Les arguments ne convainquent de loin pas les antiséparatistes. Si on les entend peu dans cette campagne, ils n’en sont pas moins nombreux. «Nous parlons moins bien, sommes plus discrets», reconnaît Pascal Tobler, 30 ans, confirmant à demi-mot le cliché d’une opposition entre des Jurassiens catholiques, fêtards et frondeurs, et des Bernois protestants, travailleurs et taiseux. Des stéréotypes certes, mais qui ont un peu de vrai. Le jeune agriculteur est membre du groupe Sanglier – créé en décembre 1973, son but est le maintien du Jura bernois dans le canton de Berne – comme son père avant lui. Sa famille est d’ailleurs l’une des rares à monter au créneau pour défendre publiquement le non le 18 juin. «Nous sommes fiers d’être Bernois, c’est notre identité», insiste-t-il, assis devant la ferme familiale, posée à plus de 1100 mètres d’altitude, sur la montagne de Moutier. Accrochée à la façade, une imposante plaque de métal représentant un ours. Pascal Tobler exprime tout haut les craintes d’une partie de la population: «Nous risquons de perdre tout ce que nous avons», s’inquiète-t-il, évoquant les incertitudes autour de l’avenir de l’hôpital – ses 300 emplois et son service d’urgences ouvert 7 jours sur 7, 24 heures sur 24 – ou du Ceff, le Centre de formation professionnelle Berne francophone.


Aucun objet n’est trop petit pour afficher le choix de son canton.
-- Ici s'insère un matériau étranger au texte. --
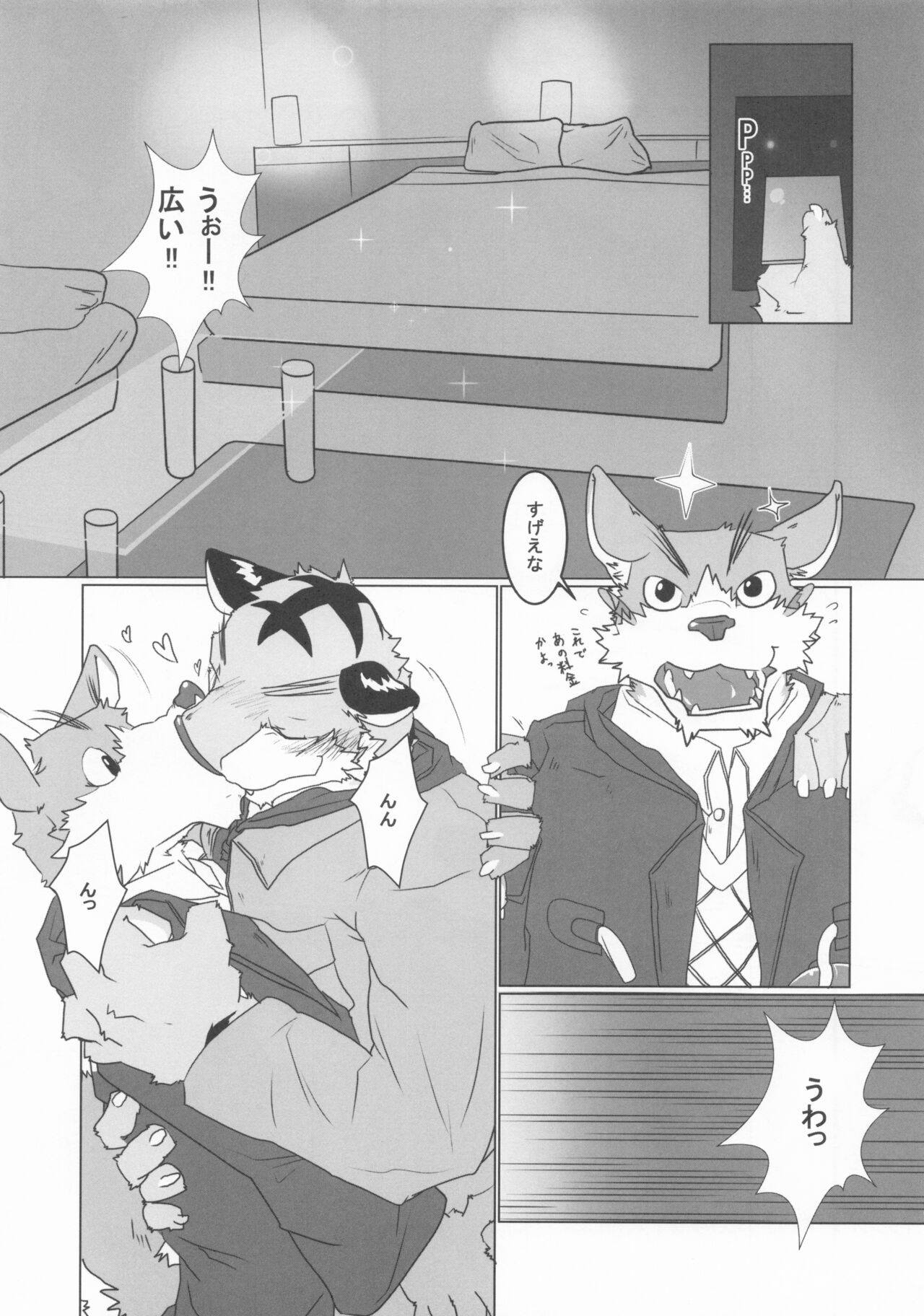 when you turn into a male 2 - kimi ga osu ni kawaru toki 2 page 10 full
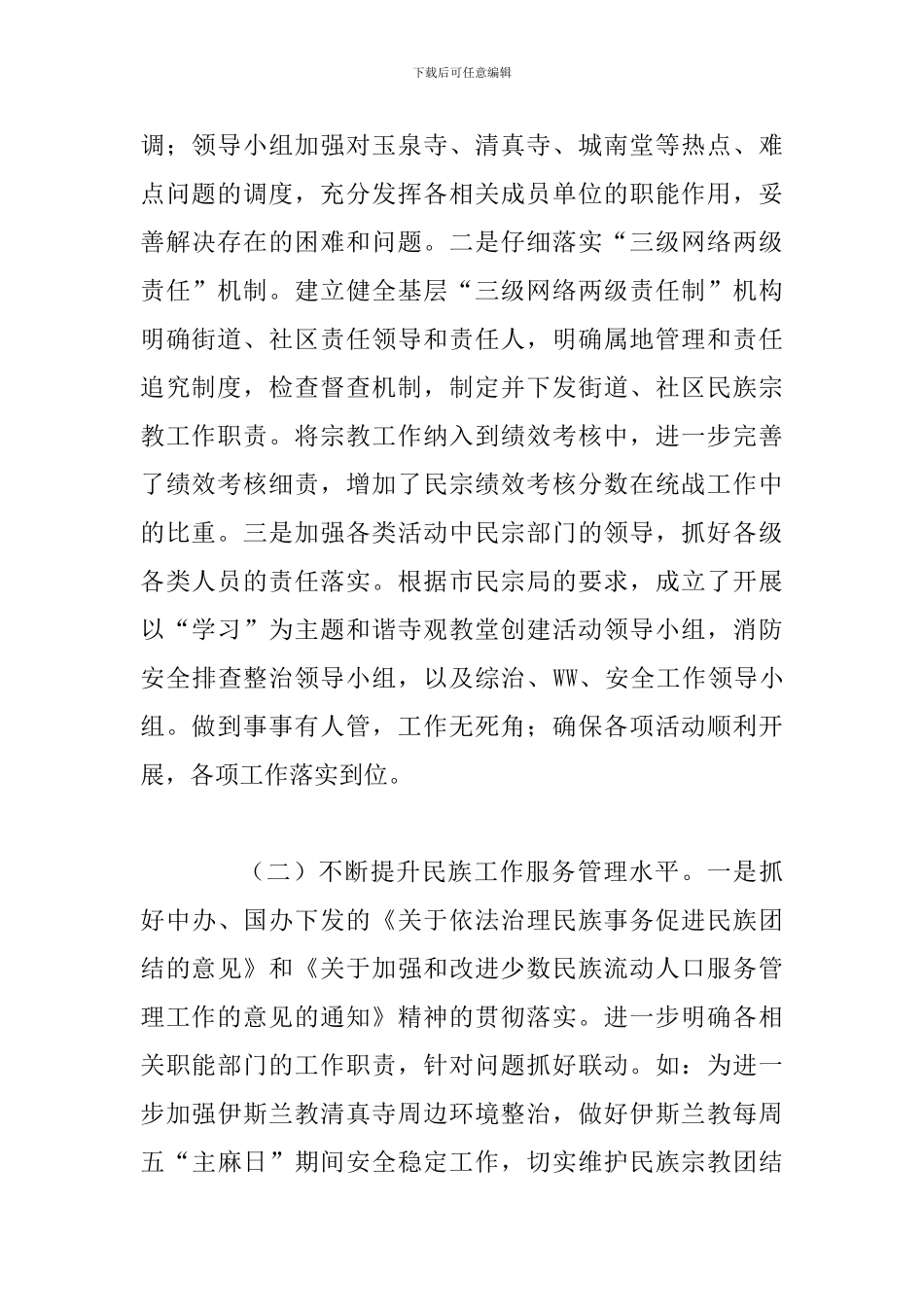 某某民宗外侨局2024年上半年工作总结及下半年工作计划范文_第2页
Photo: Rolf Neeser

En ville, assise à la terrasse de l’incontournable Café de l’Ours, Marcelle Forster partage ces inquiétudes. Après une longue carrière politique, la socialiste de 74 ans siège aujourd’hui au sein de l’Assemblée interjurassienne et du Conseil du Jura bernois. Cette enfant de Moutier, fille de décolleteur, est restée loyale envers Berne. Pour elle, la Question jurassienne fait figure d’anachronisme: «Les séparatistes s’attachent à un vieux rêve de plus de cinquante ans, qui ne s’est pas complètement réalisé et qui a surtout abouti à la partition du Jura entre deux cantons.» Pour cette pro­européenne, l’heure n’est plus au «repli identitaire»: «On ne déplace plus les frontières, on les dépasse!»


Urne spéciale cadenassée à la grille de l'escalier, escorte policière pour les bulletins de vote, observateurs de la Confédération… Des mesures exceptionnelles ont été prises afin d’assurer la bonne tenue du vote. Photo: Rolf Neeser

Lassitude

Marcelle Forster parle enfin d’une lassitude, celle de devoir se prononcer une nouvelle fois sur l’appartenance cantonale de sa ville, un scrutin qui ravive les plaies et les divisions. Elle sait que le vote sera très émotionnel et que, malgré les arguments concrets, ce sont les tripes qui parleront. «Et quoi qu’il arrive, le matin du lundi 19 juin, il y aura un perdant. Et nous devrons continuer de vivre ensemble.»